SUAMICO, Wis. (WBAY) - "It's kind of creepy that you see your phone number, that they've scammed your own name and phone number," Herb Stuart said.
There's a growing and disturbing trend in scam calls: Calls from your own phone number.
A Suamico couple contacted Target 2 asking, "Should we pick up?"
It was an ordinary morning for Herb and Joanne Stuart when they received their first unusual call.
"This call came through and it had our name -- my name -- on it and our phone number," Herb said.
He showed us his phone log from that morning with his name and phone number on Caller ID. "Total of six times in the same morning," Herb said.
He said they're used to getting robocalls. "Generally, if we don't recognize the phone number then we don't answer it."
But when his own number called, "My wife, Joanne, answered it, and of course it was a robocall."
She did exactly what the scammer wanted. One of the biggest tactics scammers use is simply to try and get you to pick up the phone.
"We had not heard about that one," Herb said, "and I'm sure there's a whole lot of other ones going on."
There were actually two scams at work here.
The Caller ID displaying your own number is called "neighbor spoofing."

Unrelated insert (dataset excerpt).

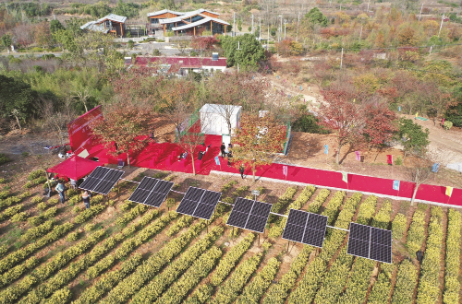 江苏：溧阳试点“茶光互补”节能减排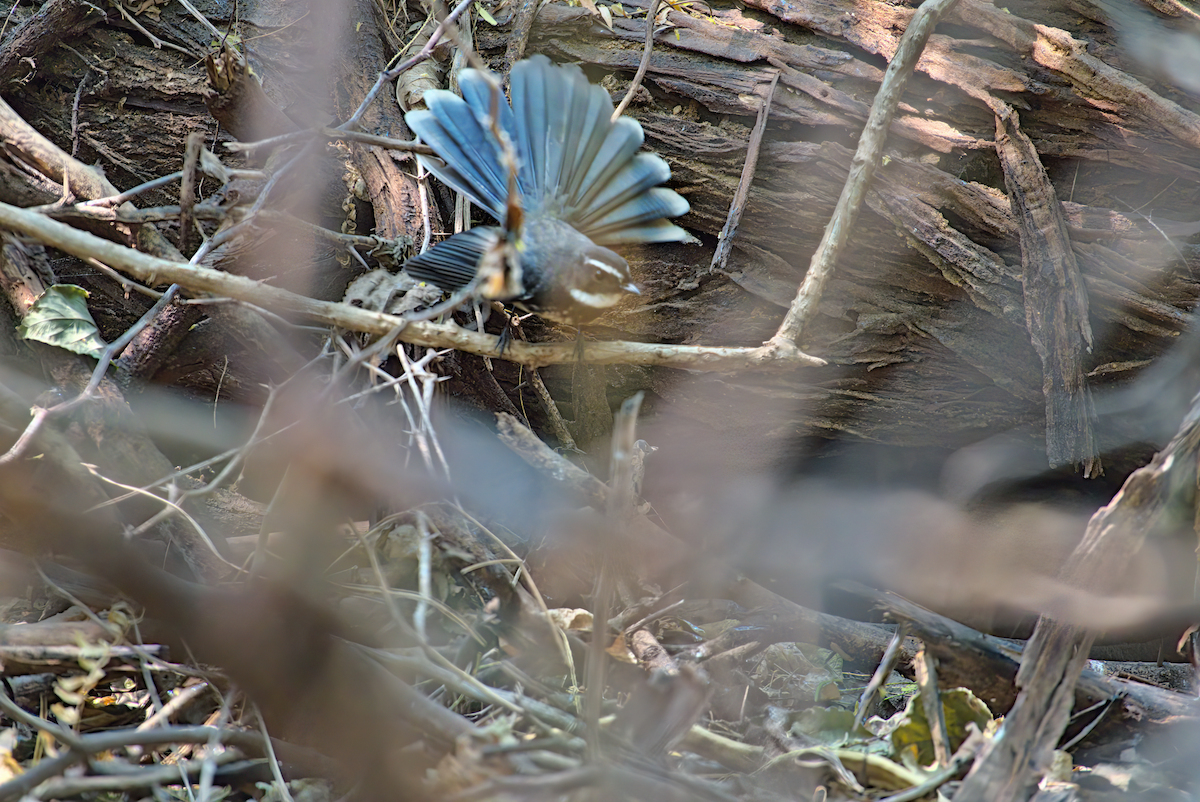 Spot-breasted Fantail - ML622155954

The voice recording on the other end told them they had a computer problem, which is the tech support scam.
"The reference was to our computer, and that our IP address had been compromised in several different companies. And they identified themselves as Microsoft," Herb said.
We've reported both scams in our consumer alerts for years.
Earlier this month we talked with the Wisconsin Department of Agriculture, Trade and Consumer Protection about these types of robocalls -- the number one consumer complaint in the state.
"'Neighbor spoofing' is the term. They make the Caller ID read however they want to. That's standard practice for scammers. They can do it easily with their computer systems," Jerad Albracht with Consumer Protection told us.
However tempting it is, don't pick up. It's a red flag when it's your own number.
"I think it's important for us to talk about and people know," Herb said.